Source: ‘Plant short season varieties’ | The Herald
Mashonaland West Bureau
Agritex has been directed to replace long-term maize varieties distributed under Pfumvudza with shorter ones to cushion against the effects of a shorter season.
With most parts of the country having received meaningful rainfall towards Christmas, it has been noted that farmers will not be able to realise any meaningful yields from medium and late seed varieties.
Addressing Agritex officers in Mashonaland West province and Zvimba peri-urban farmers at a Pfumvudza demonstration plot near Banket yesterday, Lands, Agriculture, Fisheries, Water and Rural Development Minister Dr Anxious Masuka, said it was important for the department to withdraw the long-term varieties for the province to deliver 50 percent of the nation’s maize and other grains target.
“Mashonaland West province is key in terms of production and 50 percent of the deliveries to Grain Marketing Board (GMB) should come from here,” he said.
“We need to mobilise and motivate all the farmers to prepare land where they haven’t and where they have, to begin to plant, but to plant very short varieties.
“You (Agritex) should withdraw long season varieties of maize and ensure that they are replaced by short season varieties. We cannot expect a farmer to have a long term variety of maize and not plant when they have no short season varieties.”
Mashonaland West has set a target of 320 000 hectares of maize and to date, only 22 percent has been achieved owing to erratic rainfall patterns and acquisition of inputs from various programmes.
Provincial Agritex agronomist, Ms Siena Makaza, said: “Only 73 900 hectares have been planted out of the 320 000 and planting is still in progress although we are now encouraging them to plant short-term varieties from major crops like maize.
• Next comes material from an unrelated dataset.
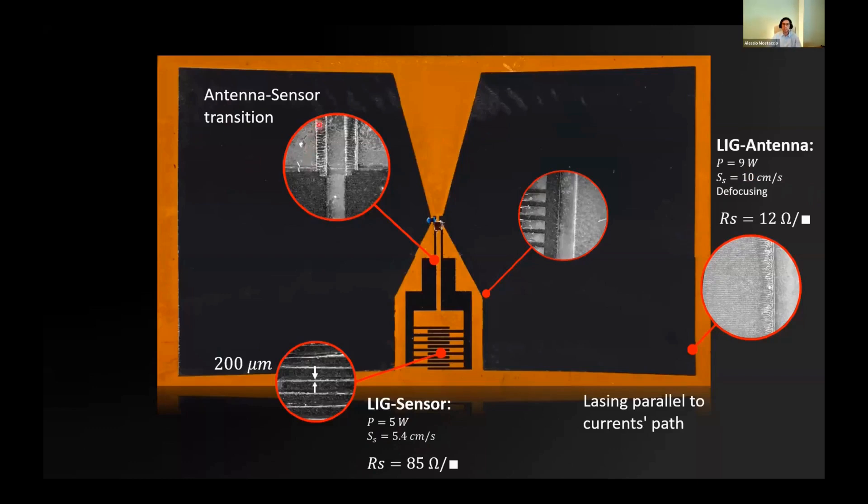Here we see the transition from one kind of LIG to the other. Another important aspect is that we lased the substrate — polyimide in this case — by means of horizontal lines in order to ease the flowing of currents along the antenna.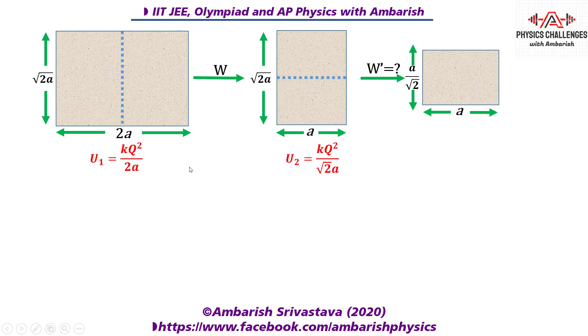Similarly, for the second configuration the larger side is now √2a, so u₂ = kq²/√2a. And for the third configuration the larger side becomes a, so u₃ = kq²/a.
“For Agro-yield, we are targeting 75 000 hectares, but 7 900 hectares have so far been planted due to various including late clearing of debts by farmers and processing of new loans.”
Climate-proofed Pfumvudza Agriculture scheme has boosted this season’s yield prospects with 17 000 hectares from 404 000 households trained including 22 000 peri-urban farmers who have embraced the scheme.
Farmers have also been challenged to plant sunflowers which can be planted late into the season.
“Even if we have short seasons, our farmers will be able to harvest something from the sunflower that they can use to purchase food and other items.
“As a Government, we are mobilising the importation of sunflower seed from South Africa and already 2 100 have already arrived and we expect the rest within the next fortnight,” said Minister Masuka.
He also toured tobacco farms from Zvimba and Makonde district and expected to wind up his visits with Hurungwe district today.